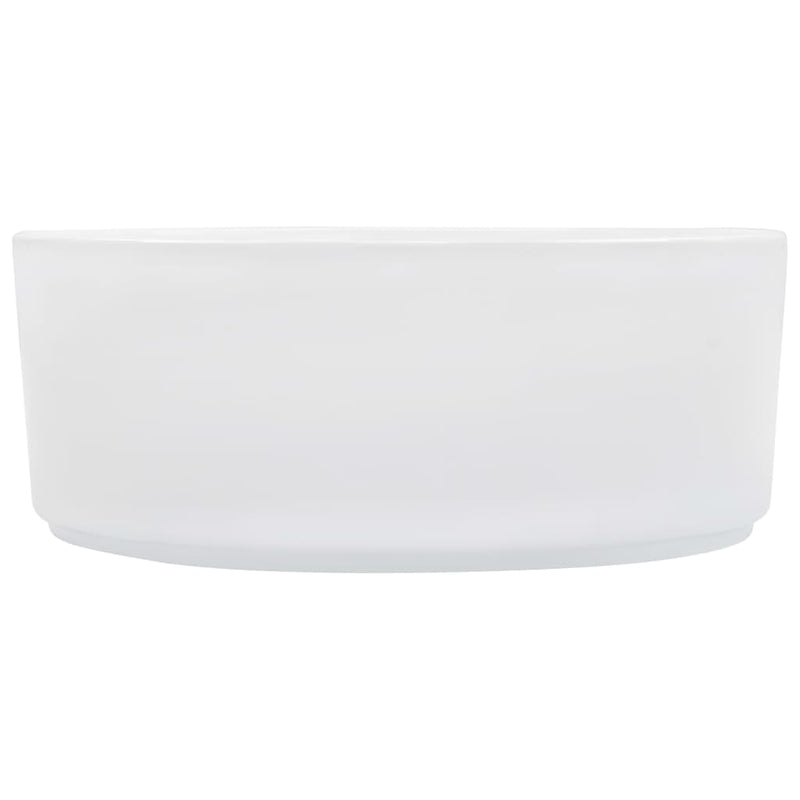 vidaXL fehér kerámia mosdókagyló 36 x 14 cm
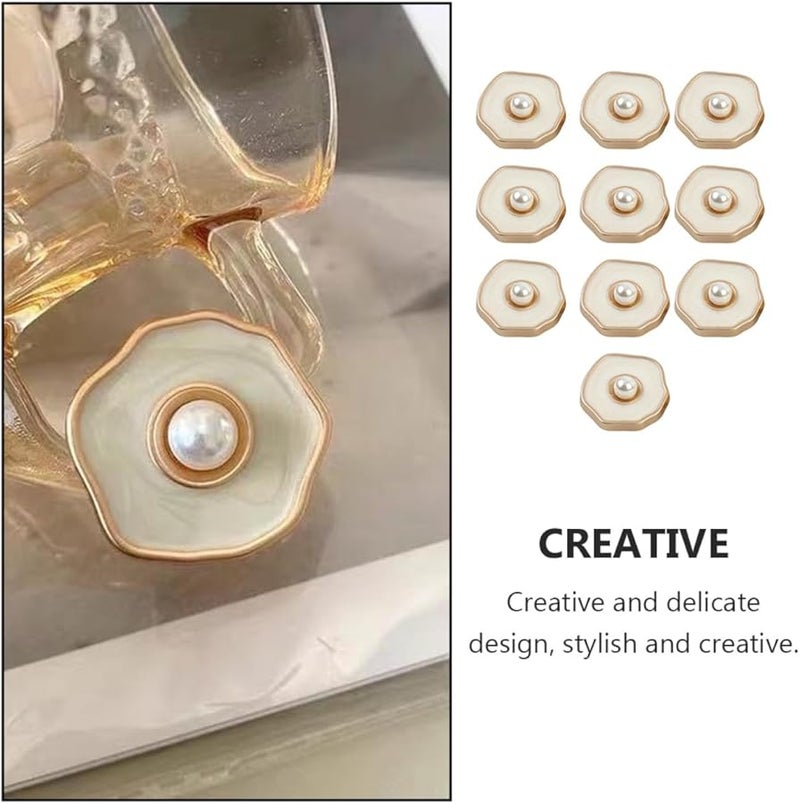 ستايل كلاسيكي 20 قطعة أزرار معطف معدنية رجعية إكسسوارات خياطة من السبائك للبلايزرات والسترات - Image 4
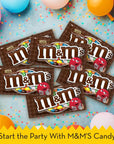 MMS Milk Chocolate Candy Full Size 169 oz Bag Pack of 36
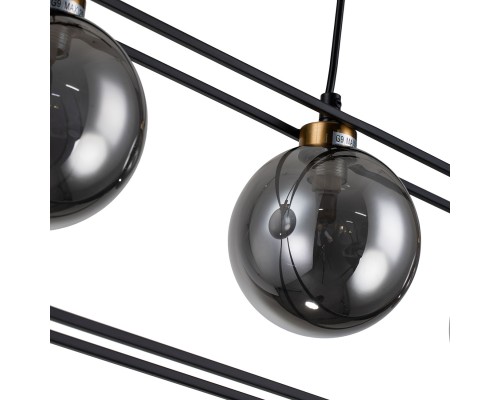 Подвесной светильник 11017/3P Black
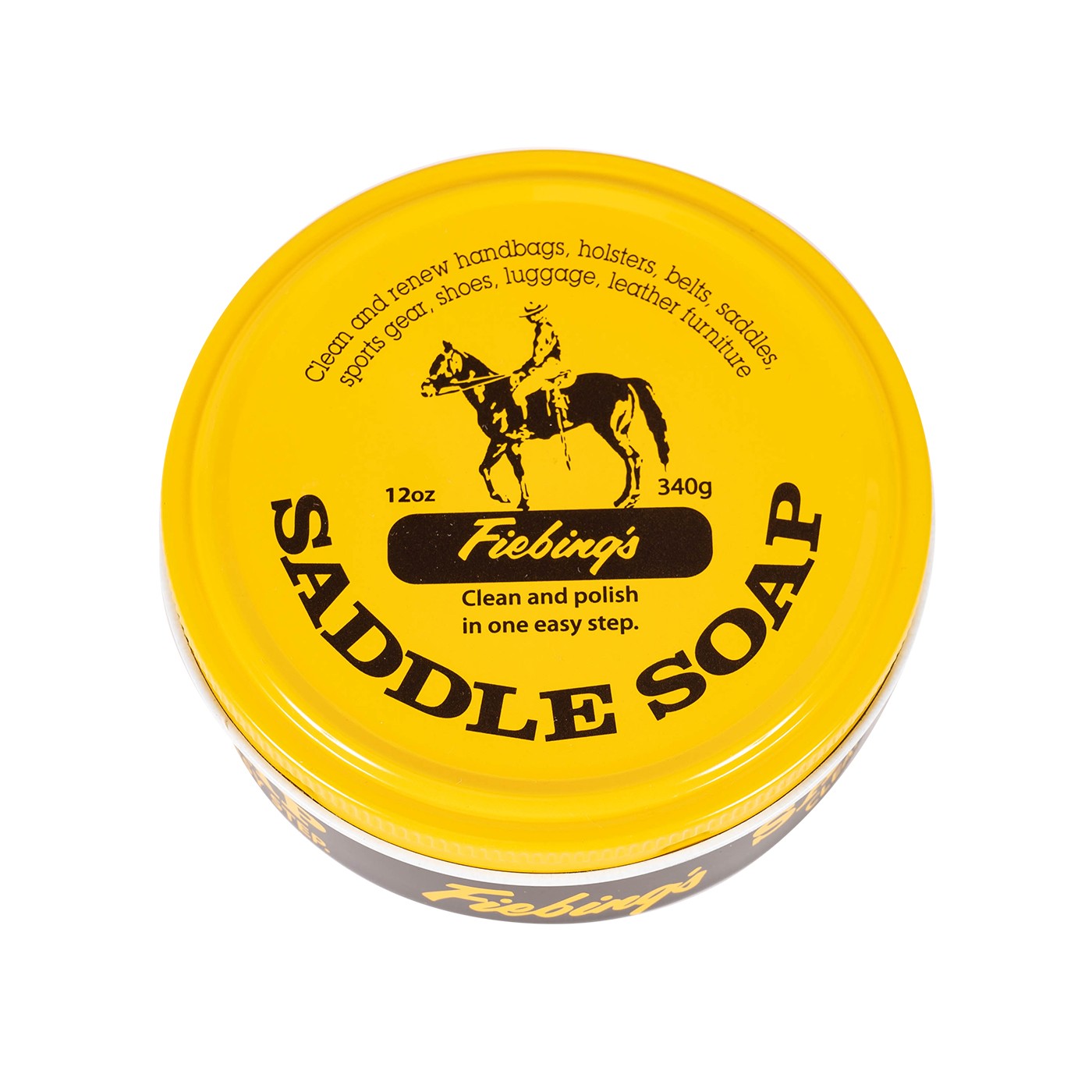 Saddle soap best sale for leather boots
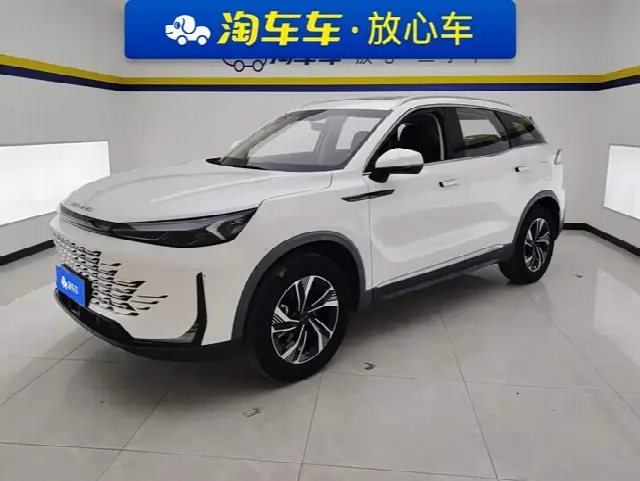 Beijing X7 2023, 24 800 км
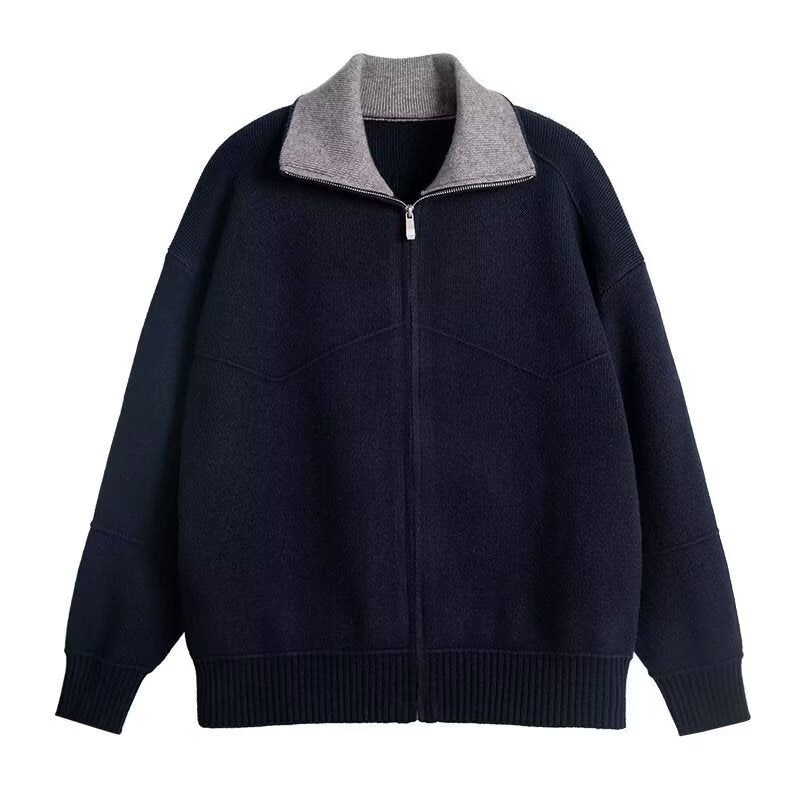 Herren Strick-Cardigan für Herbst & Winter – Bild 6 | LuxeStyle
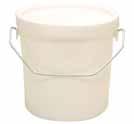 Pail for Grid Cleaning F (3) 1/2 OD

**ACTIVITY:**
Each line above is to be duplicated exactly, and the pictures are to be omitted.

**TASK SOLUTION:**
 vidaXL fehér kerámia mosdókagyló 36 x 14 cm
 ستايل كلاسيكي 20 قطعة أزرار معطف معدنية رجعية إكسسوارات خياطة من السبائك للبلايزرات والسترات - Image 4
 MMS Milk Chocolate Candy Full Size 169 oz Bag Pack of 36
 Подвесной светильник 11017/3P Black
 Saddle soap best sale for leather boots
 Beijing X7 2023, 24 800 км
 Herren Strick-Cardigan für Herbst & Winter – Bild 6 | LuxeStyle
 Pail for Grid Cleaning F (3) 1/2 OD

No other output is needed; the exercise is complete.